Set the records down again. Match every line exactly.

**** Dataset

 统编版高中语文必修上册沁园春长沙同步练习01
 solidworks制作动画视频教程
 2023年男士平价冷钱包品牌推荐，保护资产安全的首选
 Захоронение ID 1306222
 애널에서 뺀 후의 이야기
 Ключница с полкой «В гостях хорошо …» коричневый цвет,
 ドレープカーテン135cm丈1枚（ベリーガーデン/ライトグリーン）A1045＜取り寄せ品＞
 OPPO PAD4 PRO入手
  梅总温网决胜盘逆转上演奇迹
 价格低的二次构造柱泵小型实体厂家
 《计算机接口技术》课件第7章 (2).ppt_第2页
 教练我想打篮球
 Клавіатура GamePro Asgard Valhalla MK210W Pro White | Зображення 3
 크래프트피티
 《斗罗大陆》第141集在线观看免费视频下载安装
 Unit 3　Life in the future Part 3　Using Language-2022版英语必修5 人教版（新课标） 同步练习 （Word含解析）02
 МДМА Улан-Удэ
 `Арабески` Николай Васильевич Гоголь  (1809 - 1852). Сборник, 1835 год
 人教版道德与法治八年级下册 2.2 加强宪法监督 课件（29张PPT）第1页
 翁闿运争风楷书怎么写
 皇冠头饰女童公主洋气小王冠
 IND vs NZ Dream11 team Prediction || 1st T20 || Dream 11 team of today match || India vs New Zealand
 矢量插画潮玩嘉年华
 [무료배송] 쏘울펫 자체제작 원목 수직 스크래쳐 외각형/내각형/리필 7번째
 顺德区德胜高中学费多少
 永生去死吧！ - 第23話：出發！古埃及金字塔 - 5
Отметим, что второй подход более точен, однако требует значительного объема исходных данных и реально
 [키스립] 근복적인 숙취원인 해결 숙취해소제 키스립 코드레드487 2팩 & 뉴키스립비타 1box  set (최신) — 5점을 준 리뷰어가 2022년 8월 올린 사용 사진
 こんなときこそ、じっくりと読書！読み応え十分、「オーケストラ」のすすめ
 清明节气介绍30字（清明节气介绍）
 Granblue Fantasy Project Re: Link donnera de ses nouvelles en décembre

********

▶ [Written response]:
 统编版高中语文必修上册沁园春长沙同步练习01
 solidworks制作动画视频教程
 2023年男士平价冷钱包品牌推荐，保护资产安全的首选
 Захоронение ID 1306222
 애널에서 뺀 후의 이야기
 Ключница с полкой «В гостях хорошо …» коричневый цвет,
 ドレープカーテン135cm丈1枚（ベリーガーデン/ライトグリーン）A1045＜取り寄せ品＞
 OPPO PAD4 PRO入手
  梅总温网决胜盘逆转上演奇迹
 价格低的二次构造柱泵小型实体厂家
 《计算机接口技术》课件第7章 (2).ppt_第2页
 教练我想打篮球
 Клавіатура GamePro Asgard Valhalla MK210W Pro White | Зображення 3
 크래프트피티
 《斗罗大陆》第141集在线观看免费视频下载安装
 Unit 3　Life in the future Part 3　Using Language-2022版英语必修5 人教版（新课标） 同步练习 （Word含解析）02
 МДМА Улан-Удэ
 `Арабески` Николай Васильевич Гоголь  (1809 - 1852). Сборник, 1835 год
 人教版道德与法治八年级下册 2.2 加强宪法监督 课件（29张PPT）第1页
 翁闿运争风楷书怎么写
 皇冠头饰女童公主洋气小王冠
 IND vs NZ Dream11 team Prediction || 1st T20 || Dream 11 team of today match || India vs New Zealand
 矢量插画潮玩嘉年华
 [무료배송] 쏘울펫 자체제작 원목 수직 스크래쳐 외각형/내각형/리필 7번째
 顺德区德胜高中学费多少
 永生去死吧！ - 第23話：出發！古埃及金字塔 - 5
Отметим, что второй подход более точен, однако требует значительного объема исходных данных и реально
 [키스립] 근복적인 숙취원인 해결 숙취해소제 키스립 코드레드487 2팩 & 뉴키스립비타 1box  set (최신) — 5점을 준 리뷰어가 2022년 8월 올린 사용 사진
 こんなときこそ、じっくりと読書！読み応え十分、「オーケストラ」のすすめ
 清明节气介绍30字（清明节气介绍）
 Granblue Fantasy Project Re: Link donnera de ses nouvelles en décembre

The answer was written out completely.